In my work, N, Q and M are numpy arrays with complex number entries.

Specifically, I want to transfer the matrices N and Q to a C++ code and do the matrix multiplication in C++.

While I know the method to transfer real valued numpy arrays using pointers to C++ script, followed by use of cython, I am a bit confused about how I should approach things for numpy arrays with complex values.

This is how I am trying to transfer the array from pyx to C++ presently.

import numpy as np
cimport numpy as np

cdef extern from "./matmult.h" nogil:
    void mult(double* M, double* N, double* Q)

def sim():    
    cdef:
        np.ndarray[np.complex128_t,ndim=2] N = np.zeros(( 2 , 2 ), dtype=np.float64)
        np.ndarray[np.complex128_t,ndim=2] Q = np.zeros(( 2 , 2 ), dtype=np.float64)  
        np.ndarray[np.complex128_t,ndim=2] M = np.zeros(( 2 , 2 ), dtype=np.float64)          

    N = np.array([[1.1 + 2j,2.2],[3.3,4.4]])
    Q = np.array([[3.3,4.4+5j],[5.5,6.6]])  

    mult(&M[0,0], &N[0,0], &Q[0,0])
    print M

This is my C++ code:

#include "matmult.h"
using namespace std;

int main(){}

void mult(double *M, double *N, double *Q)
{
  double P[2][2], A[2][2], B[2][2];

  for (int i=0; i<2; i++)
  {
    for (int j=0; j<2; j++)
    {
      A[i][j] = *( N + ((2*i) + j) );
      B[i][j] = *( Q + ((2*i) + j) );
      P[i][j] = 0;      
    }
  }

  for (int i=0; i<2; i++)
  {
    for (int j=0; j<2; j++)
    {
      for (int k=0; k<2; k++)
      {
         P[i][j] += A[i][k]*B[k][i];  
      }
    }
  }  

  for (int i=0; i<2; i++)
  {
    for (int j=0; j<2; j++)
    {
      *( M + ((2*i) + j) ) = P[i][j];      
    }
  }
}

When I compile this using cython, I get the following error

mat.pyx:17:27: Cannot assign type 'double complex *' to 'double *'

I will be grateful to have some help here.

2 Answers 2

1

This error message is telling you what's wrong:

mat.pyx:17:27: Cannot assign type 'double complex *' to 'double *'

That is, you have a double complex pointer from numpy (pointer to complex128 numpy dtype) and you're trying to pass that into the C++ function using double pointers. C++ needs to be able to deal with the complex numbers, so if you change your double* -> std::complex this should fix your problem

void mult(double *M, double *N, double *Q)

becomes

#include <complex>
void mult(std::complex<double> *M, std::complex<double> *N, std::complex<double> *Q)

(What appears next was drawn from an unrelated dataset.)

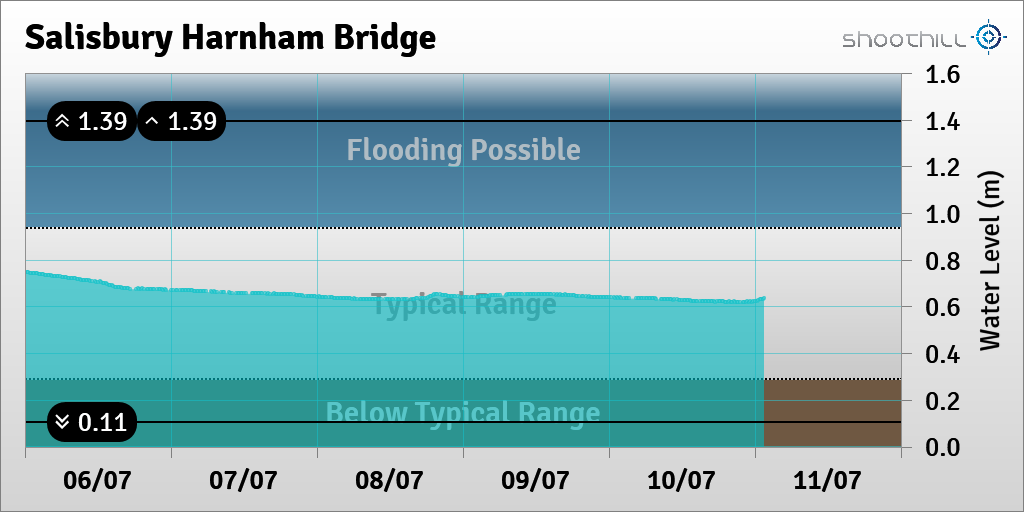 riverlevel_0211's tweet photo. On 11/07/23 at 01:30 the river level was 0.63m. https://t.co/CEscrNxCoX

Does numpy matrix multiply not suffice for your use case? Cython might be overkill.

Edit: Ok I finally got something, there's something a bit weird dealing with C++ std::complex and C double _Complex types.

cppmul.pyx:

import numpy as np
cimport numpy as np

cdef extern from "./matmult.h" nogil:
    void mult(np.complex128_t* M, np.complex128_t* N, np.complex128_t* Q)

def sim():
    cdef:
        np.ndarray[np.complex128_t,ndim=2] N = np.zeros(( 2 , 2 ), dtype=np.complex128)
        np.ndarray[np.complex128_t,ndim=2] Q = np.zeros(( 2 , 2 ), dtype=np.complex128)
        np.ndarray[np.complex128_t,ndim=2] M = np.zeros(( 2 , 2 ), dtype=np.complex128)

    N = np.array([[1.1 + 2j,2.2],[3.3,4.4]])
    Q = np.array([[3.3,4.4+5j],[5.5,6.6]])

    mult(&M[0,0], &N[0,0], &Q[0,0])
    print M

matmul.c:

#include "matmult.h"

void mult(complex_t *M, complex_t *N, complex_t *Q)
{
  complex_t P[2][2], A[2][2], B[2][2];

  for (int i=0; i<2; i++)
  {
    for (int j=0; j<2; j++)
    {
      A[i][j] = *( N + ((2*i) + j) );
      B[i][j] = *( Q + ((2*i) + j) );
      P[i][j] = 0;
    }
  }

  for (int i=0; i<2; i++)
  {
    for (int j=0; j<2; j++)
    {
      for (int k=0; k<2; k++)
      {
         P[i][j] += A[i][k]*B[k][i];
      }
    }
  }

  for (int i=0; i<2; i++)
  {
    for (int j=0; j<2; j++)
    {
      *( M + ((2*i) + j) ) = P[i][j];
    }
  }
}

matmult.h:

#include <complex.h>

typedef double _Complex complex_t;
void mult(complex_t *M, complex_t *N, complex_t *Q);

setup.py:

from distutils.core import setup
from Cython.Build import cythonize
from distutils.extension import Extension
import numpy as np

sourcefiles = ['cppmul.pyx', 'matmult.c']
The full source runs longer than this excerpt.